31.We call on the Government to broaden its approach to sanctions by including individuals closely connected to hostile regimes, where appropriate, while retaining the practice of linking sanctions relief to specific actions. The UK should work with EU partners, both before and after leaving the EU, to identify and sanction the individuals and entities on whom the Kremlin relies in carrying out its acts of aggression—including, but not limited to, destabilisation of its neighbours, disinformation campaigns, interference in democratic processes and assassination attempts on foreign soil. This should be done in close consultation with the US Treasury and intelligence agencies. Such sanctions should be linked to specific desired changes in the Russian state’s behaviour, and should be reviewed annually against progress towards those outcomes.

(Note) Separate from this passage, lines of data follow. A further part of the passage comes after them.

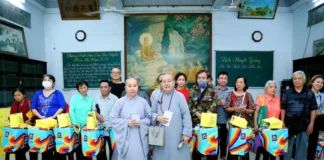 TP. HCM: CHÙA PHƯỚC VIÊN TẶNG QUÀ CHO NGƯỜI KHIẾM THỊ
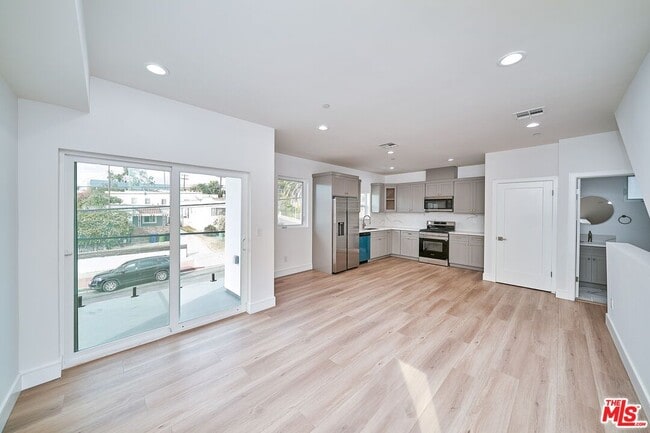 property at 1106 Queen Anne Pl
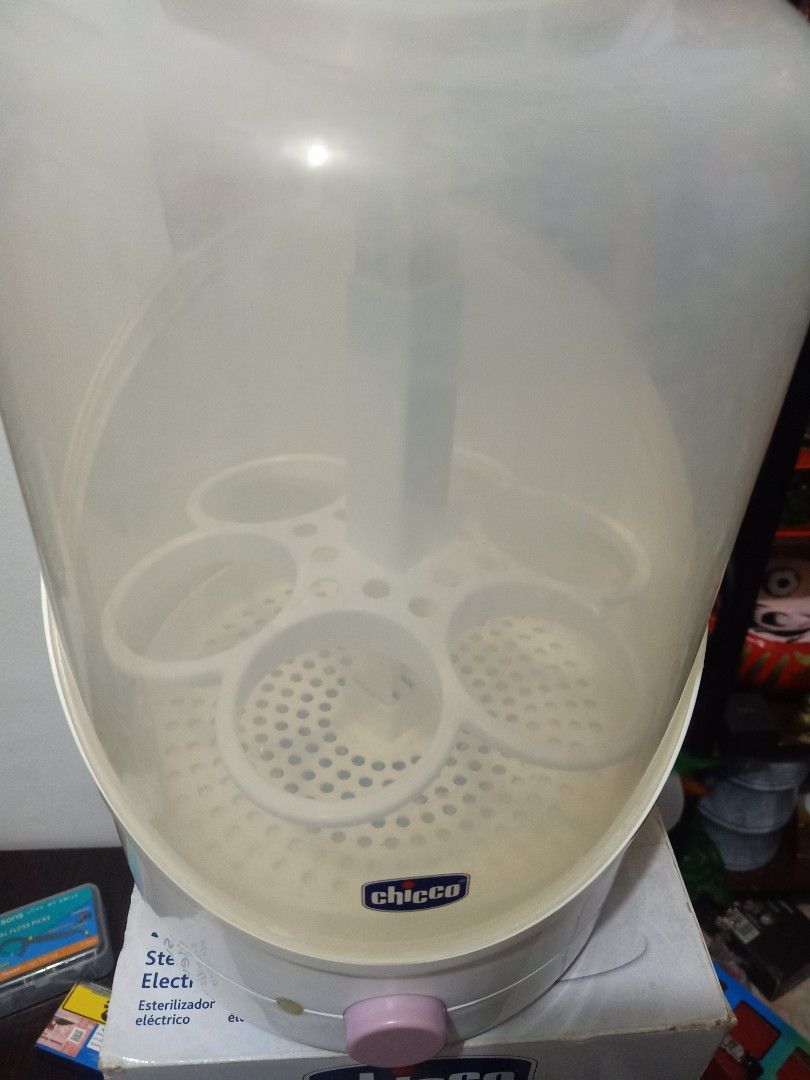 Chicco bottle sterilizer (Category: Breastfeeding & Bottle Feeding) located in Las Pinas. Submitted by the_recycle_shop (Listing ID 1436250634, Image 2). Description: Good working condition .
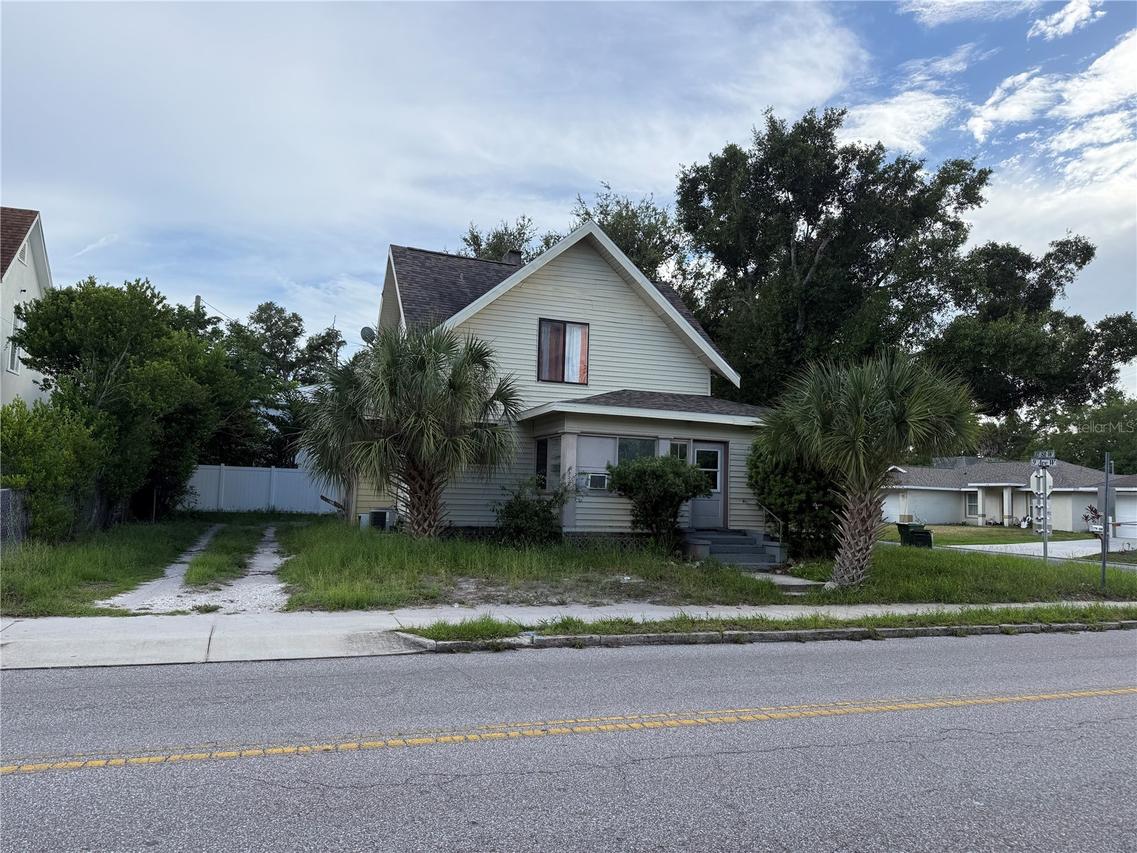 1625 9th Ave., Bradenton, FL 34205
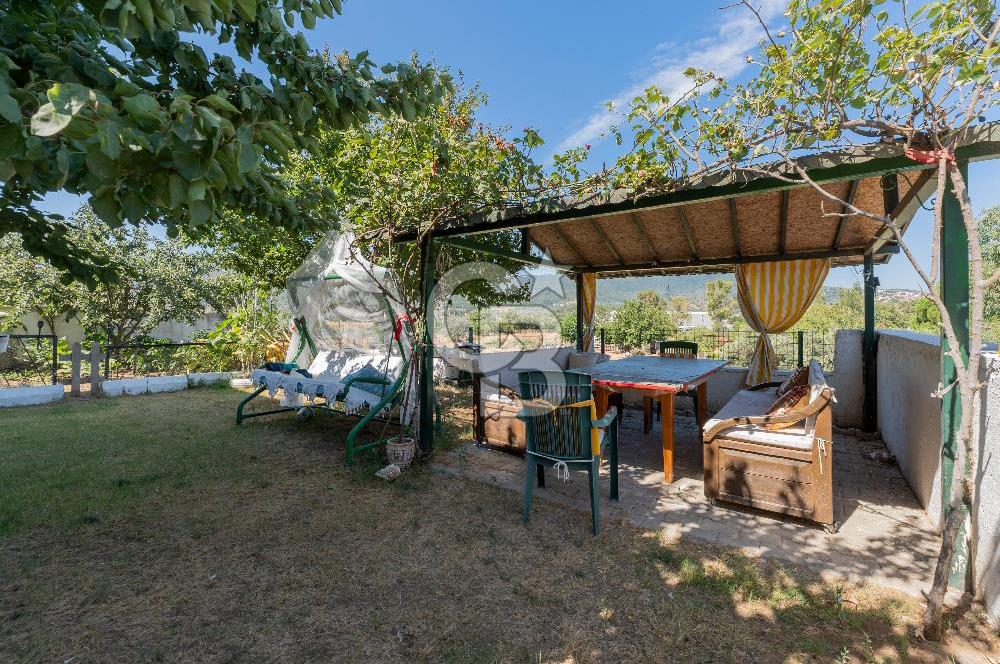 FOÇA KOZBEYLİ'DE DENİZ MANZARALI 6+2 SATILIK MÜSTAKİL VİLLA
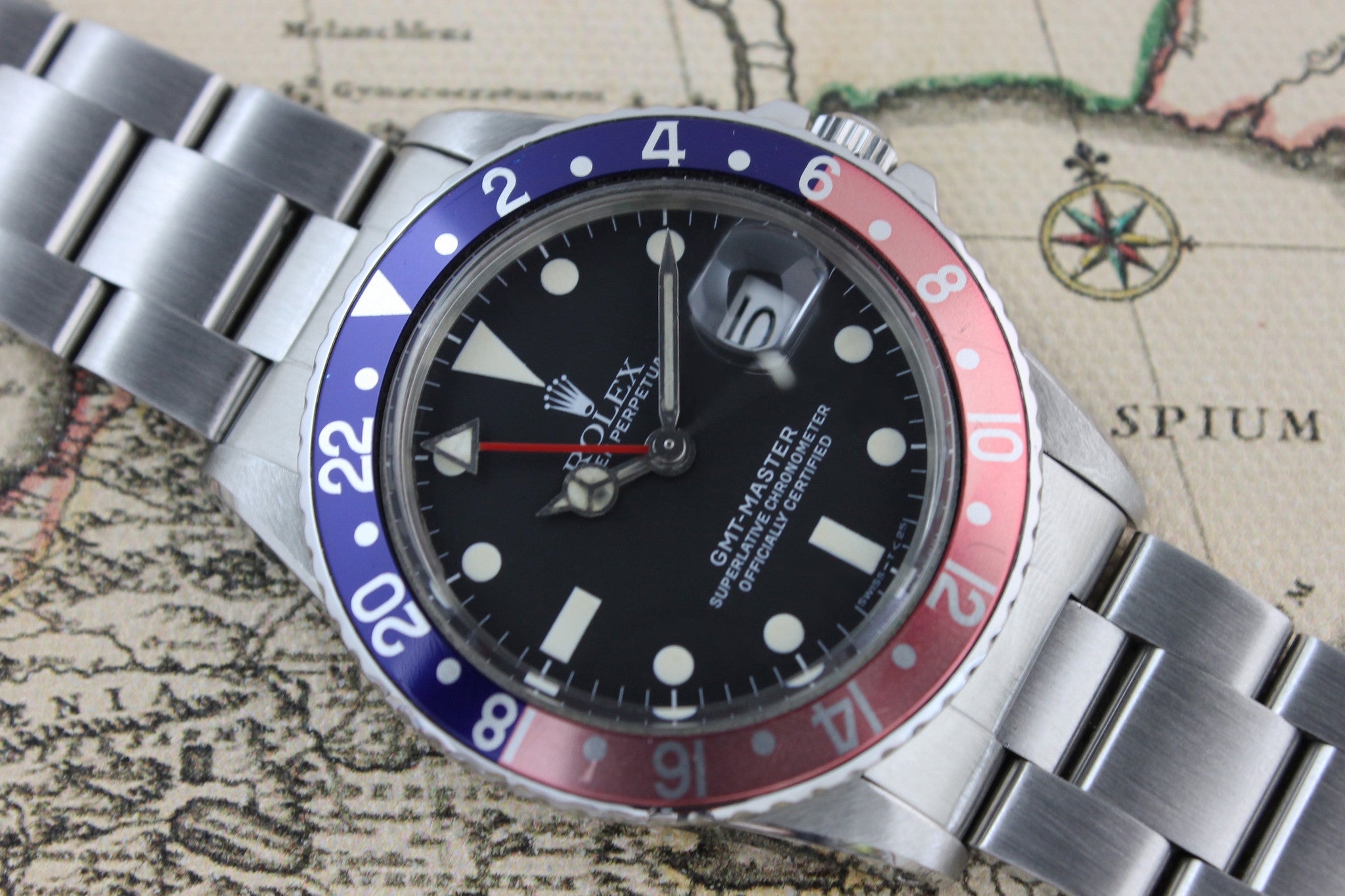 1985 - Rolex GMT Master Pepsi (With Box and Service papers from RSC UK 2009 - Momentum Dubai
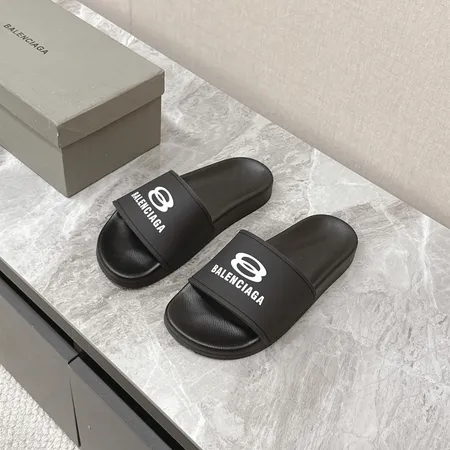 バレンシアガ スリッパ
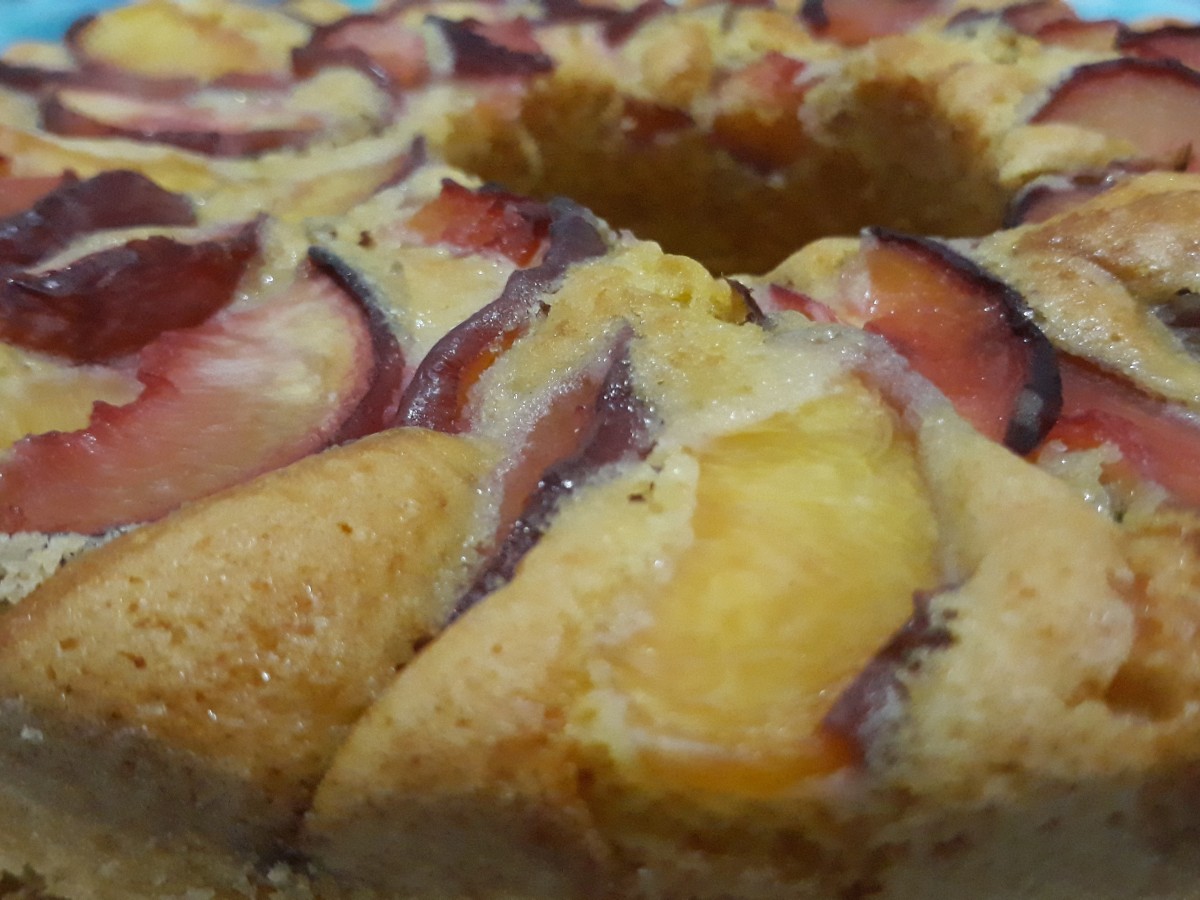 Torta soffice di pesche nettarine
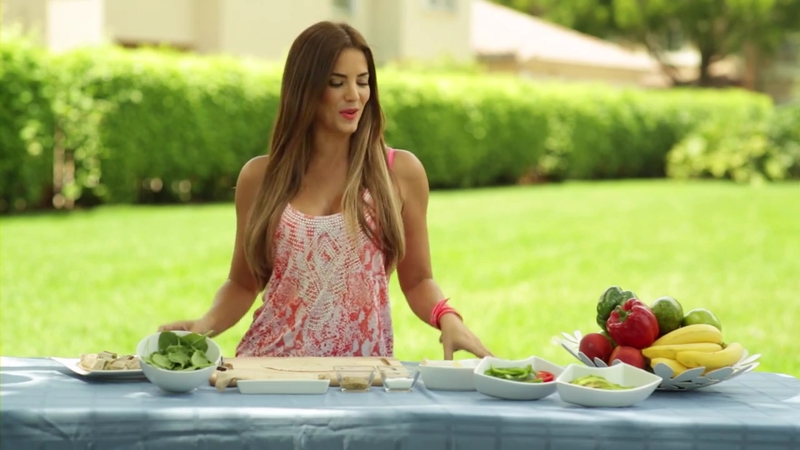 Gaby espino/გაბი ესპინო #14 - Page 20 COCINANDO_SALUDABLE_HEALTHY_ROLLS_A_LA_GABY_mp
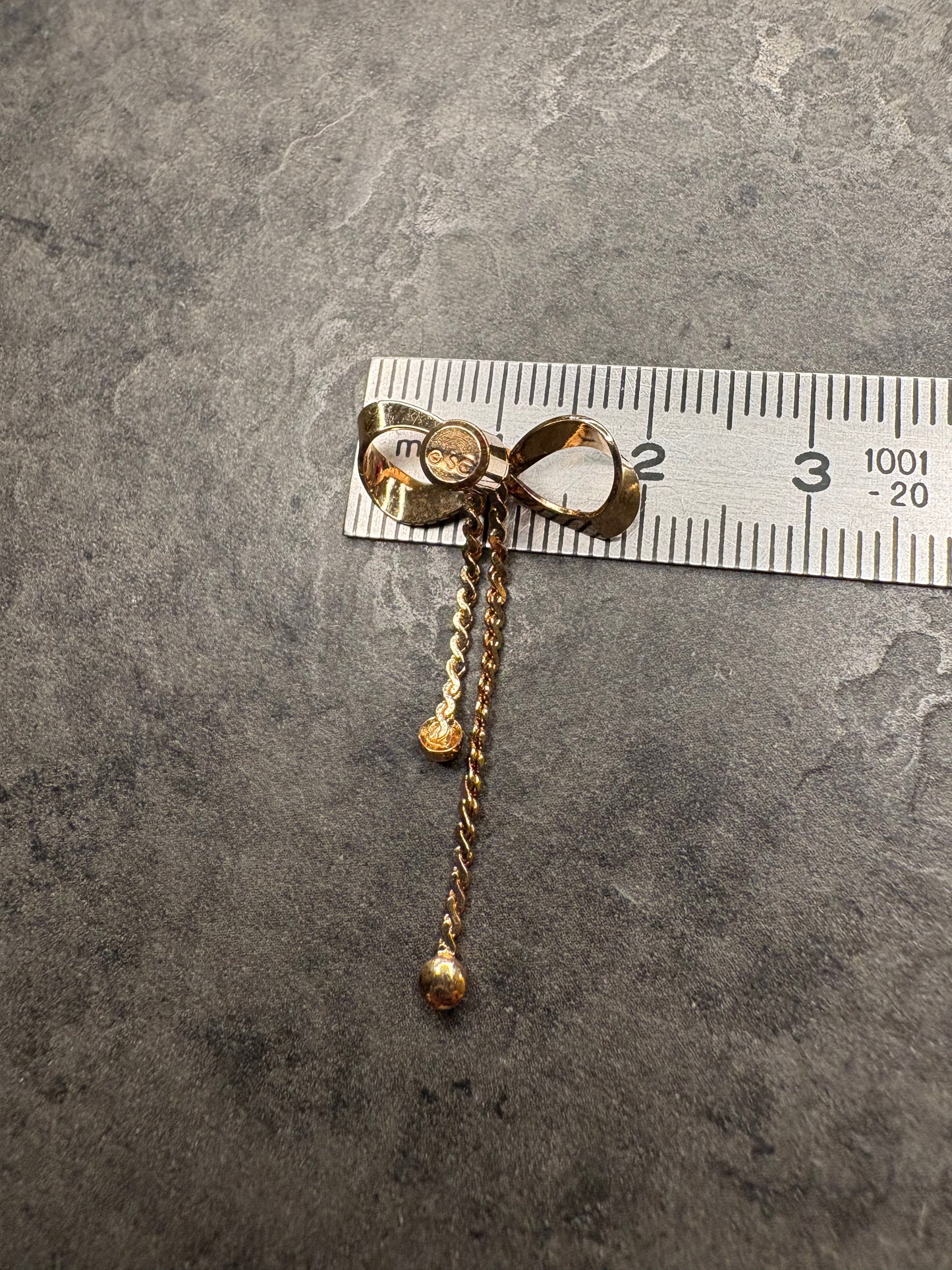 Pin Sarah Coventry “Dainty Bow” – 1979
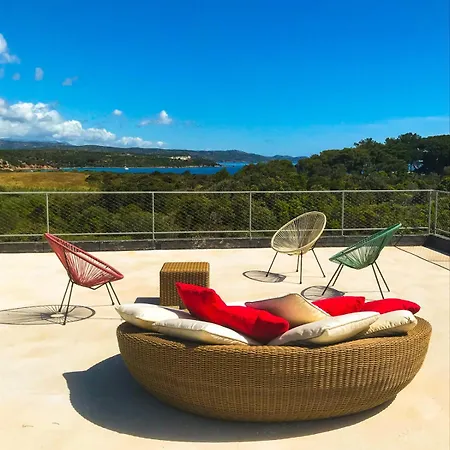 Esprit Moderniste Avec Piscine Villa Bonifacio (Corsica)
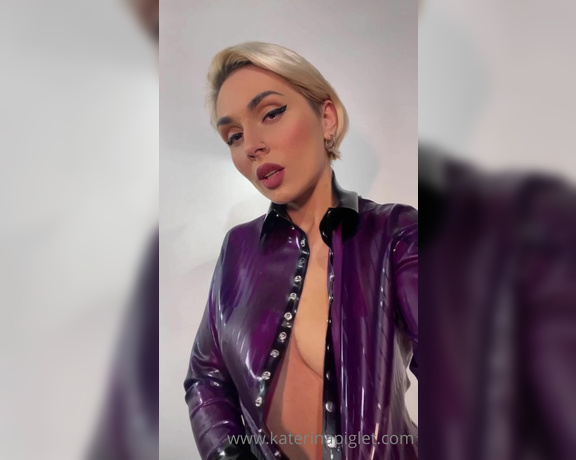 Katerina Piglet aka katerinapiglet Femdom - 11-08-2021 OnlyFans Video - Transparent shirt, what do you think about latex office style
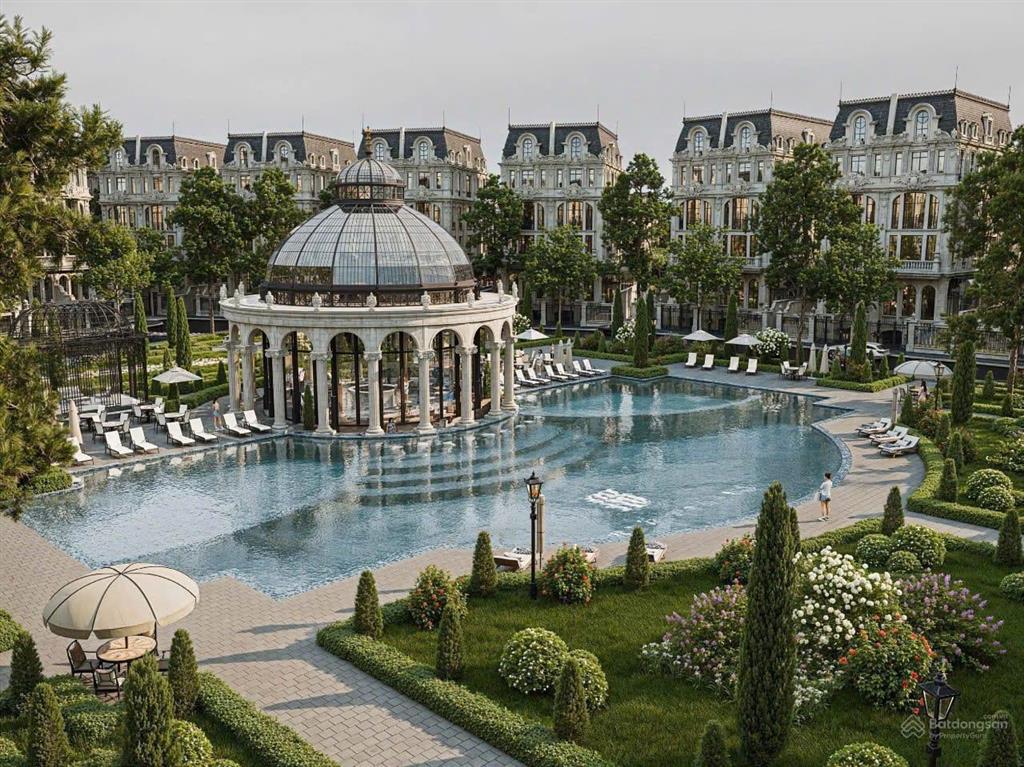Biệt thự hoàng gia pháp 150m2 song lập, thiết kế phong cách cổ điển, bể bơi riêng từng căn, có hầm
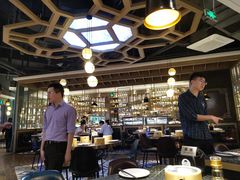 大堂-钱小奴海鲜自助黑金店(杭州滨江龙湖店)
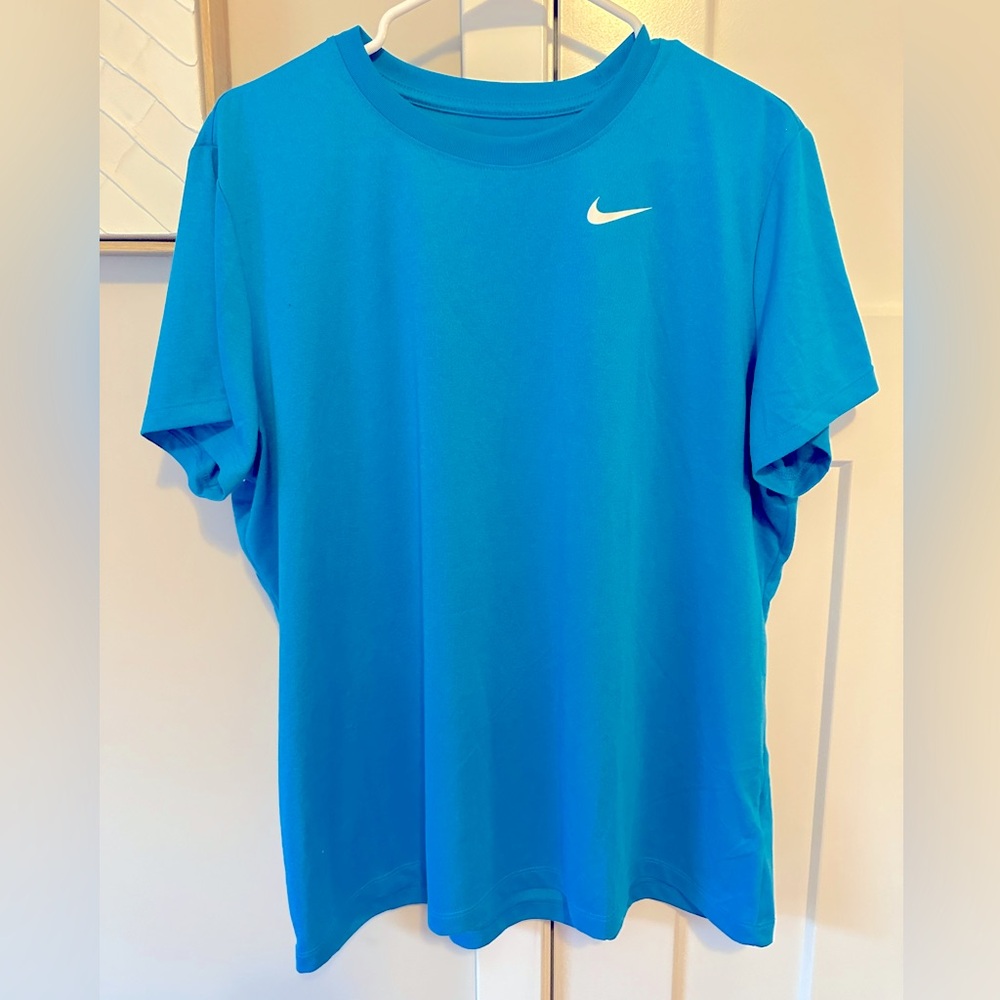 NWOT Nike “The Nike Tee”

32.Witnesses were united in their view that the inclusion of a Magnitsky-style amendment in the Sanctions and Anti-Money Laundering Bill would be a positive step in enabling the UK to hold human rights abusers accountable for their actions. Journalist Luke Harding said:
It seriously annoys Vladimir Putin, and I therefore think it would be a very effective measure. I think it would have to be public. It could be a template not only for the Russian Federation but for human rights abusers everywhere. You have to have a named list, and you have to give a reason, as the US has done, for why you are including someone on the list, but I think it would be a deterrent and also a message to the Russian elite that, in a way, they have to choose. It is this old dilemma between wanting to live the lifestyle of members of the international super-elite, while being patriots and nationalists at home. You can’t have it both ways if you are going to support a regime with an egregious human rights record.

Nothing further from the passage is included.